Escoffier

Recently I watched a television programme about Auguste Escoffier, the French chef who changed eating into dining, making the food of the rich not only opulent but delicious.

The programme reminded me that Escoffier was one of the innovative artists of the late nineteenth and early twentieth centuries  considered in Jonah Lehrer’s book  Proust was a Neuroscientist. It is surprising to find a cook alongside such practitioners of the high arts as Cezanne, Stravinsky and Virginia Woolf. The book argues that avant-garde artists of that period anticipated the findings of twenty-first century neuroscience, and Lehrer describes how Escoffier elevated eating into an art form by exploring the sense of taste. He invented haute cuisine.It is a salutary tale of the practitioner of an art who triumphed by ignoring the “science” of the time. Instead he followed the knowledge gained from his own sensory experience. Since classical times scientists “knew” that the tongue could detect only four kinds of taste – sour, sweet, salty and bitter. Anything else, the scientists claimed, was the product of the imagination. Escoffier’s taste buds told him a different story – there was a fifth kind of taste, which made food delicious, indeed irresistible, something that human beings crave. While Escoffier was refining his culinary art in the West, a Japanese chemist, Kikunae Ikeda, was also pursuing a fifth kind of taste, but by scientific analysis. This he called umami. He found it by isolating glutamic acid. No-one took any notice of his discovery.

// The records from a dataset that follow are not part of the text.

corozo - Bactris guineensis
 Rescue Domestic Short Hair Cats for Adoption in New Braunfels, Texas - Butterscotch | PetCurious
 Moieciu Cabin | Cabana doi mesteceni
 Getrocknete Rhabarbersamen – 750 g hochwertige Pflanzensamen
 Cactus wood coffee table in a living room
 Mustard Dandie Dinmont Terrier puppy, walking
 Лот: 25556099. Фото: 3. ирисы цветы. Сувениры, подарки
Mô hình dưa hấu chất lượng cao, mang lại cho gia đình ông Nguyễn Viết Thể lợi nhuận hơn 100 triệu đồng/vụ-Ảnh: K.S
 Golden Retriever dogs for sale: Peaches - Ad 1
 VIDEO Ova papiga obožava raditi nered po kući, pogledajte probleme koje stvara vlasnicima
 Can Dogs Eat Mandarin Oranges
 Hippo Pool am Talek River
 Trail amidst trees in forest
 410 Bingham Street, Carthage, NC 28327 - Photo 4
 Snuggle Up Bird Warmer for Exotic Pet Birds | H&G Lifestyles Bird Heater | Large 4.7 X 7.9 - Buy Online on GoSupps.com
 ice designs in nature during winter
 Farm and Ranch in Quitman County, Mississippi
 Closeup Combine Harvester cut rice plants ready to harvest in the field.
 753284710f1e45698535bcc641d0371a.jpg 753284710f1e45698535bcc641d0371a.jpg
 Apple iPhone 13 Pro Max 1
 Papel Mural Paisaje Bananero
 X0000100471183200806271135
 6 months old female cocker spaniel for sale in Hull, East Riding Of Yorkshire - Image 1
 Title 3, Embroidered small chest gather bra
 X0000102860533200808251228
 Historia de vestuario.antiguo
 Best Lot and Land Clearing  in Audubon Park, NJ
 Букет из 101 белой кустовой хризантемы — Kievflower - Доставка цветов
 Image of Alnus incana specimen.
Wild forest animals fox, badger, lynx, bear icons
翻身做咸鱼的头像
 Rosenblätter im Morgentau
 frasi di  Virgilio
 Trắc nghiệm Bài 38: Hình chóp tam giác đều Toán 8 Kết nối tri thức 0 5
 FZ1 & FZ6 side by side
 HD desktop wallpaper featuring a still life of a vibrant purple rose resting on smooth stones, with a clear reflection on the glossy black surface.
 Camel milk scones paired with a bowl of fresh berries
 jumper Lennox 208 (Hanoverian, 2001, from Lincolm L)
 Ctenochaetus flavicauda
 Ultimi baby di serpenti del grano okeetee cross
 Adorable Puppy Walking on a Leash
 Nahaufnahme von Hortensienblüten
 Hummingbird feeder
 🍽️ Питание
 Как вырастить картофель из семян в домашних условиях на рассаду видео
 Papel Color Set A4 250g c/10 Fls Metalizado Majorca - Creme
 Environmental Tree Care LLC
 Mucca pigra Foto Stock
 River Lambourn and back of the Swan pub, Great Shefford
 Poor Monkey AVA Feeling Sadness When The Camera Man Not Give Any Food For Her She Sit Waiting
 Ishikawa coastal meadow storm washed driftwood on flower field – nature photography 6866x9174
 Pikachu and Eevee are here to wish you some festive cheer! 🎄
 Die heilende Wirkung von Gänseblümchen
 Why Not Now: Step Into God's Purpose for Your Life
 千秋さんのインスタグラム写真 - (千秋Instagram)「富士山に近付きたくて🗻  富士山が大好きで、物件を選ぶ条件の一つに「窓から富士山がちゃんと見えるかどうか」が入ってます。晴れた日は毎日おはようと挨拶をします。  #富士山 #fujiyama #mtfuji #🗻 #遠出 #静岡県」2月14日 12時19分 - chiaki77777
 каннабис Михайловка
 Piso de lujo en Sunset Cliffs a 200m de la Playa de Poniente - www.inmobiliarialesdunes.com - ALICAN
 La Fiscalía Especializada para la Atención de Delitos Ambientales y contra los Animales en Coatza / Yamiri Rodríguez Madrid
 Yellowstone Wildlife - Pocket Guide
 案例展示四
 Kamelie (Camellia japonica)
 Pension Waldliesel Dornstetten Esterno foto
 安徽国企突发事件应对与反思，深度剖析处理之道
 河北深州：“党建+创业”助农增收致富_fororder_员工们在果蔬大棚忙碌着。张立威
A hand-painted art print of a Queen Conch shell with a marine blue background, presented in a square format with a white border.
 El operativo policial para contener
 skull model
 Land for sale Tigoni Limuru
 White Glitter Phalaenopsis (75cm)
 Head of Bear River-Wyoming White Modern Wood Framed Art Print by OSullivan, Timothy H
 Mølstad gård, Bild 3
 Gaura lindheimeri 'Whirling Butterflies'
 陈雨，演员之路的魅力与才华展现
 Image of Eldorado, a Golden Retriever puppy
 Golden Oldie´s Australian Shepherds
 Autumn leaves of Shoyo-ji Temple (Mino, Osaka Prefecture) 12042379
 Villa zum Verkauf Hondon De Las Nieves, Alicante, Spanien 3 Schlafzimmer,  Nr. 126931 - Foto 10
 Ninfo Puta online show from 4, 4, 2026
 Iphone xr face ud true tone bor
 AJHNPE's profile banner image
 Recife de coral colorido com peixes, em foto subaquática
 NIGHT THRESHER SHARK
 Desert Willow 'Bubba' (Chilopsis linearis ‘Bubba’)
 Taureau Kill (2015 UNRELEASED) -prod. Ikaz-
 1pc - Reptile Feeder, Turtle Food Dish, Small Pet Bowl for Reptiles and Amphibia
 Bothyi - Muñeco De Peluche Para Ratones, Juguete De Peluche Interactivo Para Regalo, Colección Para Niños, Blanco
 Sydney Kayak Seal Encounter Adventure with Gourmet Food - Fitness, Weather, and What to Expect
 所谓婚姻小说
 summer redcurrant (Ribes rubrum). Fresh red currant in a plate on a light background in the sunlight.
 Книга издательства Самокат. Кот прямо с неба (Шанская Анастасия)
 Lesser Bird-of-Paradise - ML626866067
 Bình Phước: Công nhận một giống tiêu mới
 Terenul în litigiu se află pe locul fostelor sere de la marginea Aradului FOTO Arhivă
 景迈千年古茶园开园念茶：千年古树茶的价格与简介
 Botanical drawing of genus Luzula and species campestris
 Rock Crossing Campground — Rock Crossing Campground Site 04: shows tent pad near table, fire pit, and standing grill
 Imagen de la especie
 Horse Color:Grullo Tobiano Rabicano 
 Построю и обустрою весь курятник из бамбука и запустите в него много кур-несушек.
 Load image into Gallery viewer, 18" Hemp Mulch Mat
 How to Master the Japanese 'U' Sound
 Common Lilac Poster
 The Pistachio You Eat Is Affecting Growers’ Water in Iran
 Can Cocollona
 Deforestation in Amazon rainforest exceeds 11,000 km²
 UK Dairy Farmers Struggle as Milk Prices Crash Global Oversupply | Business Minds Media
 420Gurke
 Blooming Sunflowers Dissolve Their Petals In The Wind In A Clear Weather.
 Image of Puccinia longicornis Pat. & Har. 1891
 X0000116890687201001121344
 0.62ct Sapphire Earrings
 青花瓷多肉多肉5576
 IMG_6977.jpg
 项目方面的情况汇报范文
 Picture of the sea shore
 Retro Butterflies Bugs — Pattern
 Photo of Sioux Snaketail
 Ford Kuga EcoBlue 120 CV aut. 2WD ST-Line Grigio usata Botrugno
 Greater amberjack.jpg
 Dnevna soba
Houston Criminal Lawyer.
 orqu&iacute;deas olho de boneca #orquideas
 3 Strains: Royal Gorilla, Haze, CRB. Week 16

We now know that both Escoffier’s cuisine and the very different Japanese cuisine both seek to bring out this chemical in order to make food delicious, something which has the potential to turn a physical necessity into an art form. Only in the year 2000, however, did scientists catch up with Ikeda and Escoffier, when they discovered the receptors on the tongue which recognize this chemical. The people who believed the evidence of their senses, rather than the received wisdom of the “experts” were vindicated.

Is there a lesson for the theory and practice of education here?